WORK INSTRUCTIONS:
Pictures in the records below must be left out. Return exactly the lines from the line with "3 bedroom, 2" to the line with "1103 - 500 Laurier Avenue W", both included.

Records from a dataset
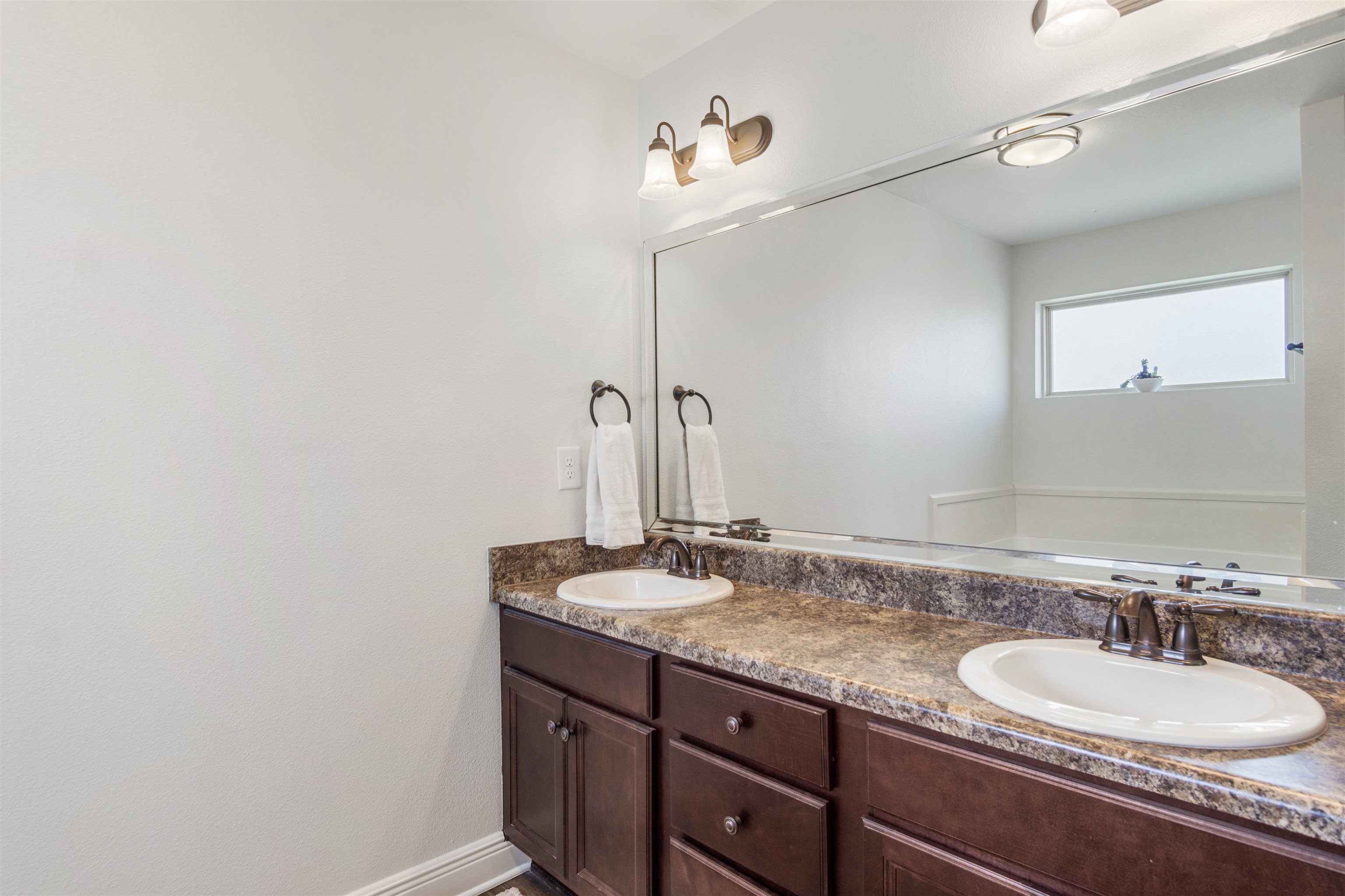 8966 Lockridge Road Foley, AL 36535 - Photo 19 of 26 Master Bathroom View 2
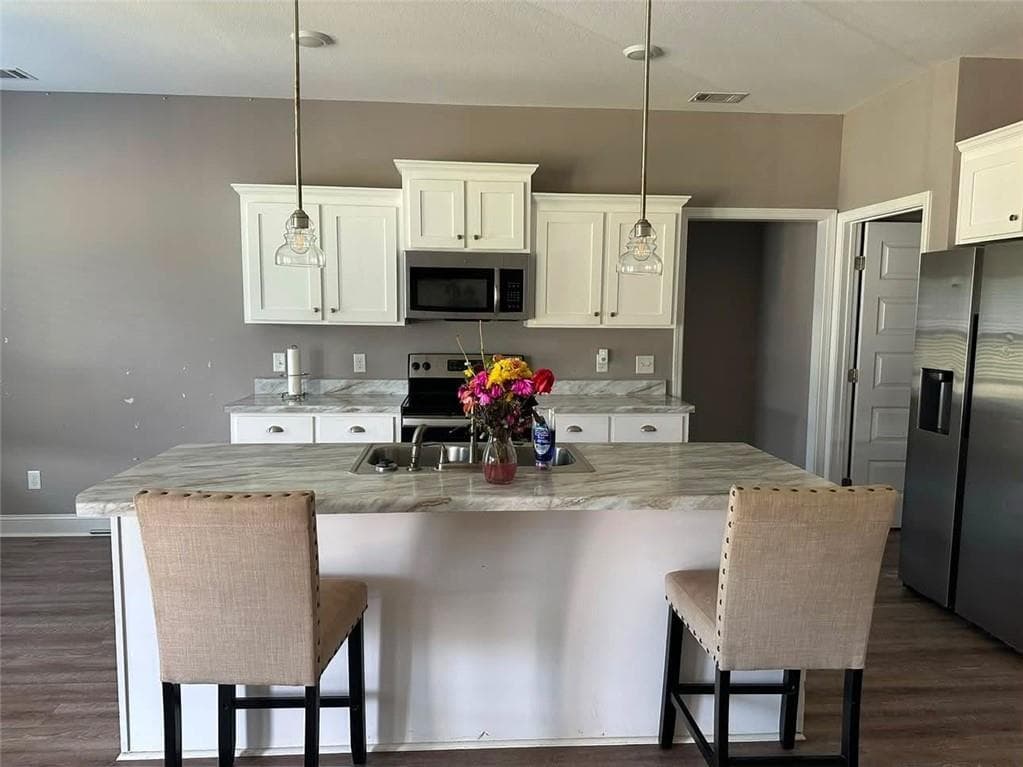 3 bedroom, 2 bathroom, 1,602 sq ft single family residence for sale at 409 Pivot Point, Statesboro, GA 30458 — photo 7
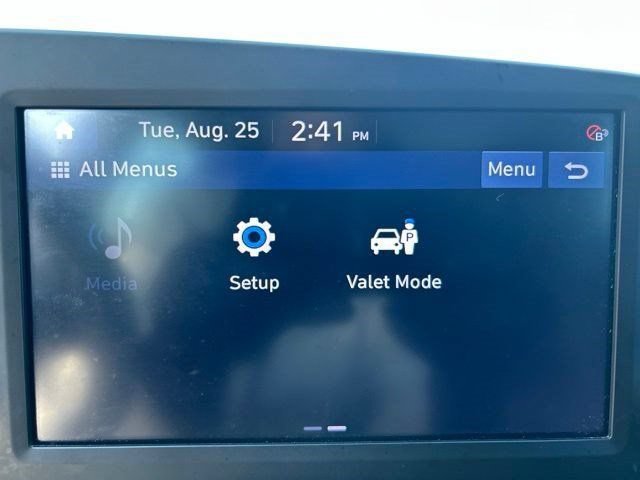 Used 2023 Hyundai Elantra SEL FWD image 24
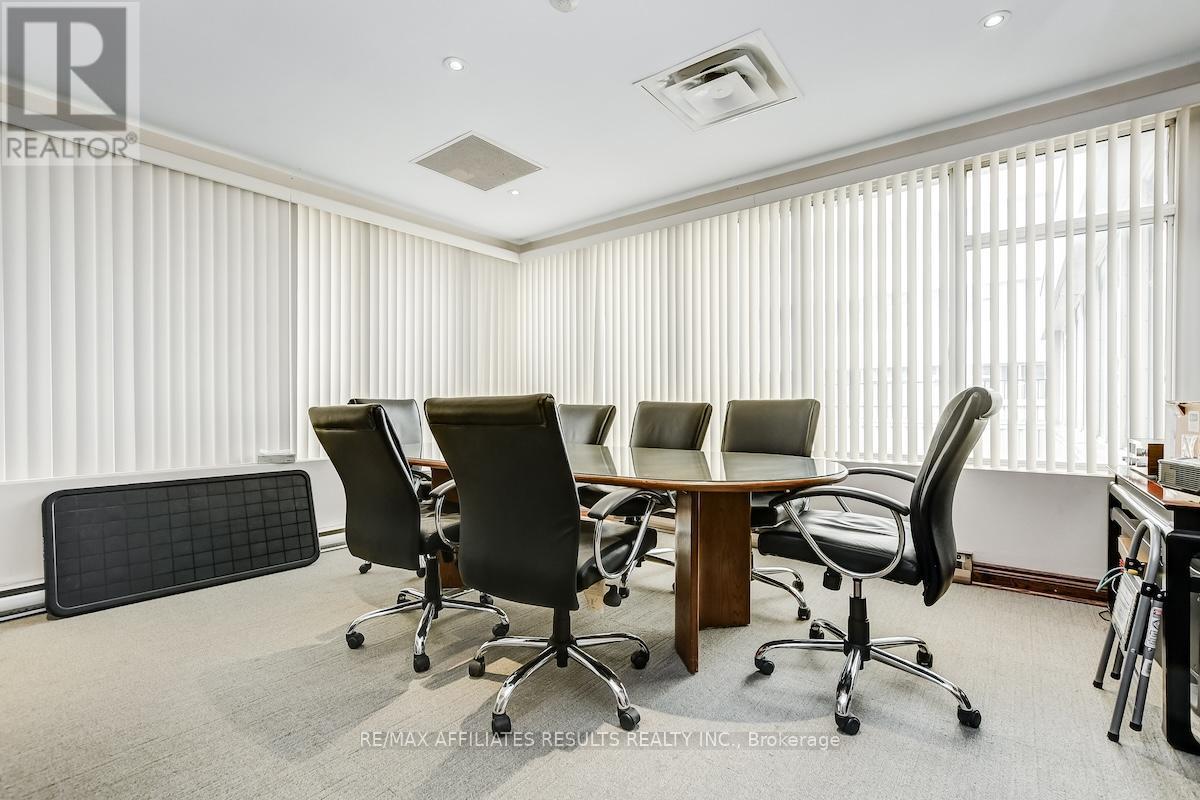 1103 - 500 Laurier Avenue W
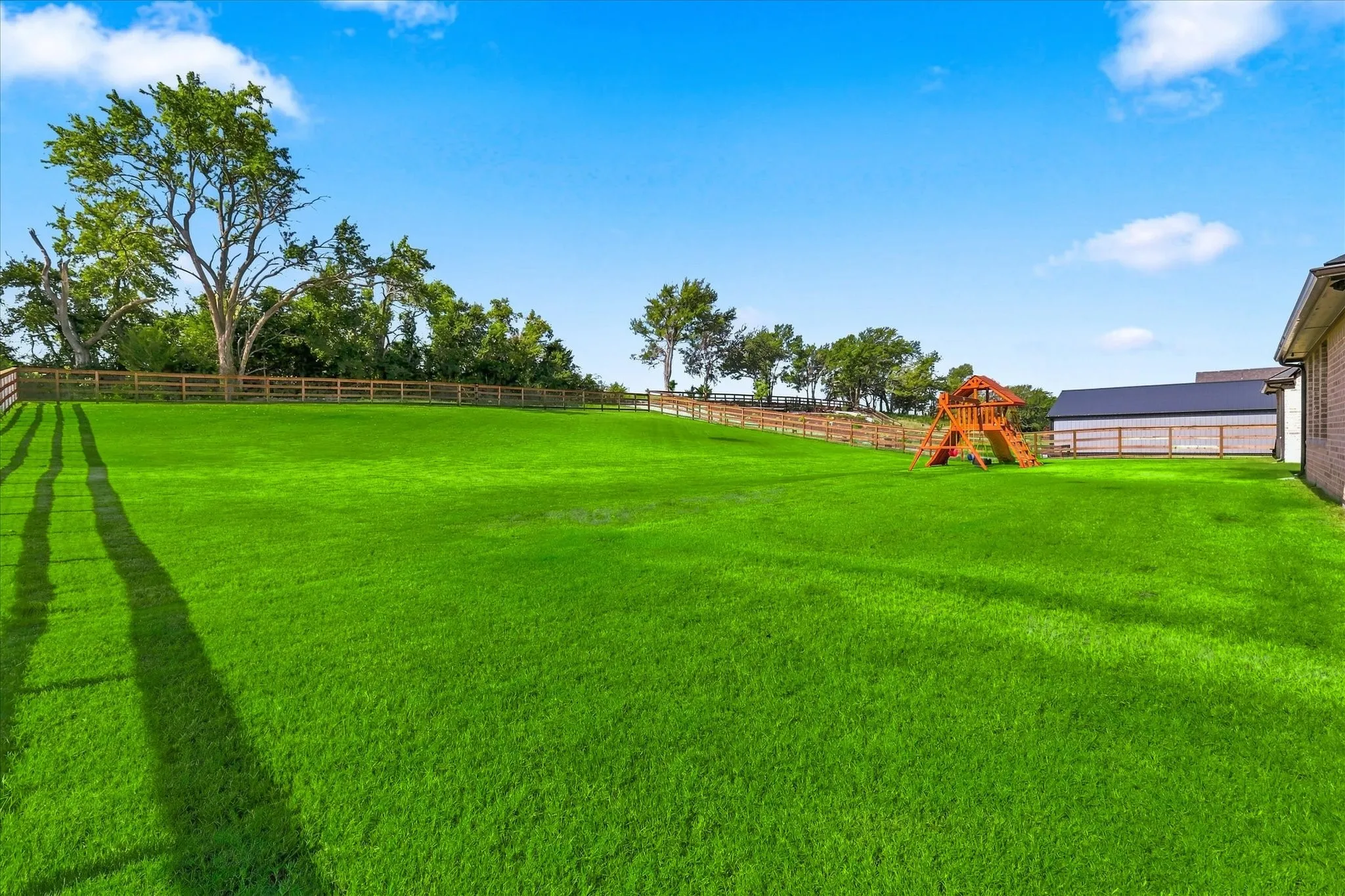 Single Family Residence For Sale in Grayson County , 3525 Lariat Trail, Van Alstyne, Texas 75495, 4 Bedroom, 3 Bathroom, 3 Garage spaces, 2,747 Sqft, built in 2025, mls#21362933, Real Estate Agent in Van Alstyne, Homes For Sale in Grayson county, Homes For Sale in Van Alstyne, Realtor in Van Alstyne Texas, Real Estate Brokerage Independent Realty Texas, Luminita Cordes Realtor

RESULT FOR THIS TASK:
 3 bedroom, 2 bathroom, 1,602 sq ft single family residence for sale at 409 Pivot Point, Statesboro, GA 30458 — photo 7
 Used 2023 Hyundai Elantra SEL FWD image 24
 1103 - 500 Laurier Avenue W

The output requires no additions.